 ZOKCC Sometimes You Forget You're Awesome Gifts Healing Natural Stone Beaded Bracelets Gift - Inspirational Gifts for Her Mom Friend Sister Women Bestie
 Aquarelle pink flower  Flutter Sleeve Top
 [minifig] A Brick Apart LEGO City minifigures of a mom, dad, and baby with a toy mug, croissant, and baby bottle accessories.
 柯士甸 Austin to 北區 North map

* * *

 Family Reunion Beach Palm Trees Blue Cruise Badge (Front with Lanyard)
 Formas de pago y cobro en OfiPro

==

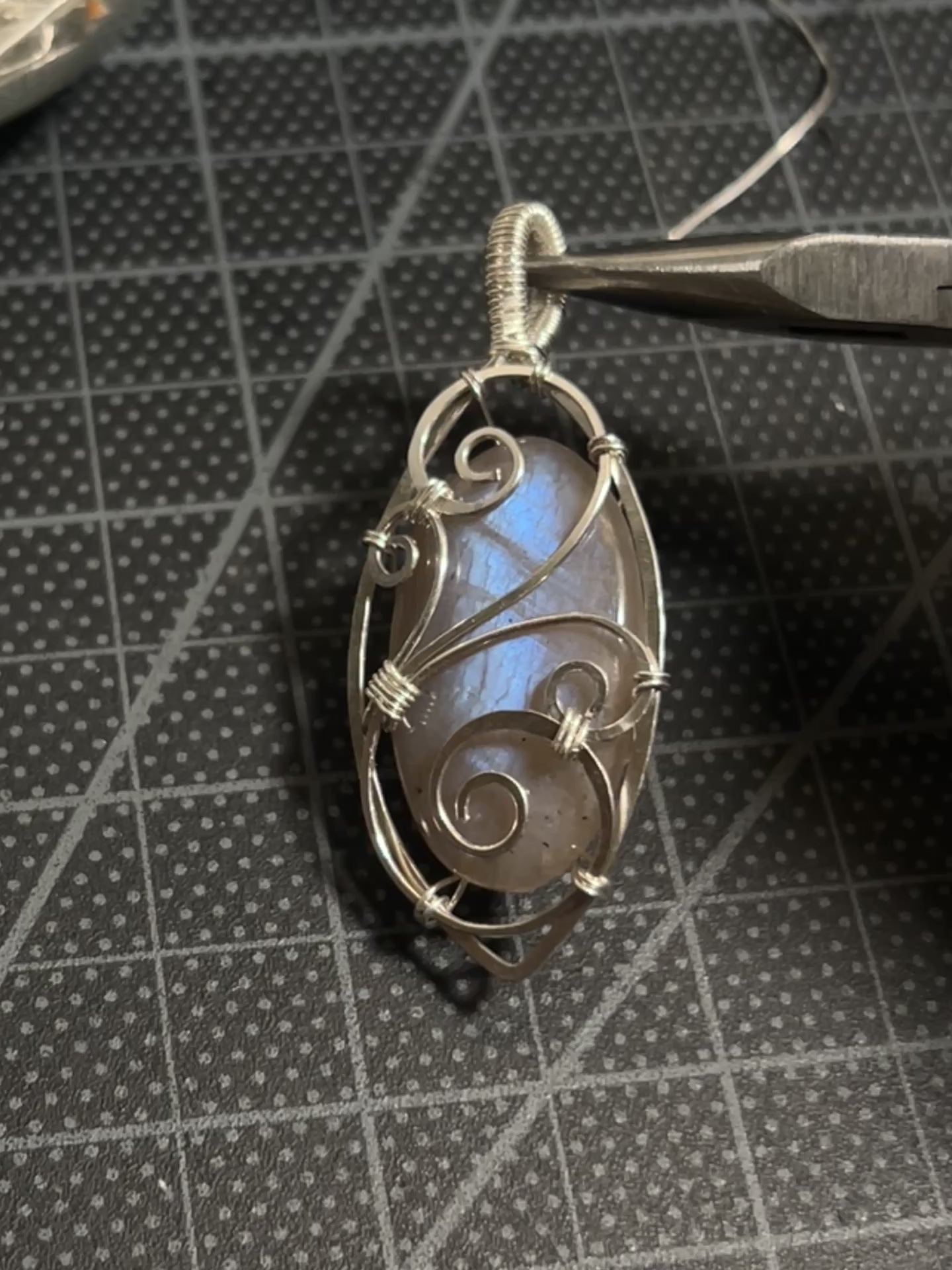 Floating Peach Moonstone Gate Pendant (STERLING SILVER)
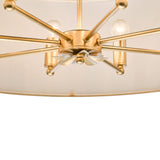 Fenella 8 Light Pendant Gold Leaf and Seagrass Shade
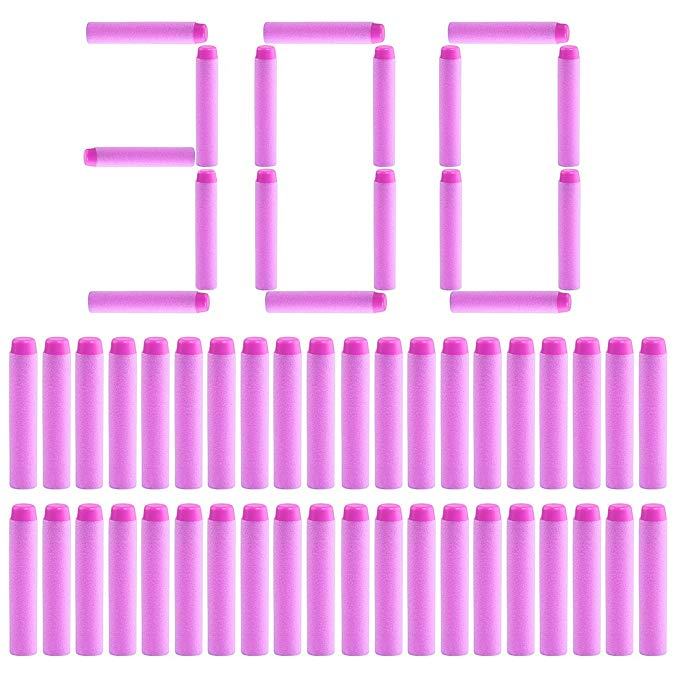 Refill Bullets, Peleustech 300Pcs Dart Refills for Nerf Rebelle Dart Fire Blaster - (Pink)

Exercise objective >>
The output is the stretch above from the line with "Fenella 8 Light" through the line with "Refill Bullets, Peleustech", copied word for word with both ends kept and every picture dropped.

Exercise result >>
 Fenella 8 Light Pendant Gold Leaf and Seagrass Shade
 Refill Bullets, Peleustech 300Pcs Dart Refills for Nerf Rebelle Dart Fire Blaster - (Pink)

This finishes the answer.